## AIM OF THE TASK:
Where the listing below has a line with "Volkswagen T-Cross 1.0", write out exactly that line and every line after it, stopping after the line with "Ароматизатор для автомобиля".

## RECORDS FOR THIS EXERCISE:
• • • • • • •
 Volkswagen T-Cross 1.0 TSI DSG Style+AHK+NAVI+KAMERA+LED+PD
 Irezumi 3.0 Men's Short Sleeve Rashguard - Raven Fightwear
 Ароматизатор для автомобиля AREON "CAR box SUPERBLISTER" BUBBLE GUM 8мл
• • • • • • •
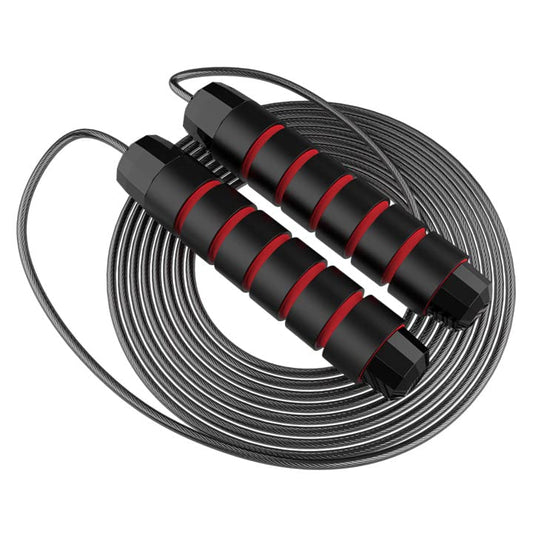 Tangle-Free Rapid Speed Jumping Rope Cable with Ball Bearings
• • • • • • •
## OUTPUT OF THE TASK:
 Volkswagen T-Cross 1.0 TSI DSG Style+AHK+NAVI+KAMERA+LED+PD
 Irezumi 3.0 Men's Short Sleeve Rashguard - Raven Fightwear
 Ароматизатор для автомобиля AREON "CAR box SUPERBLISTER" BUBBLE GUM 8мл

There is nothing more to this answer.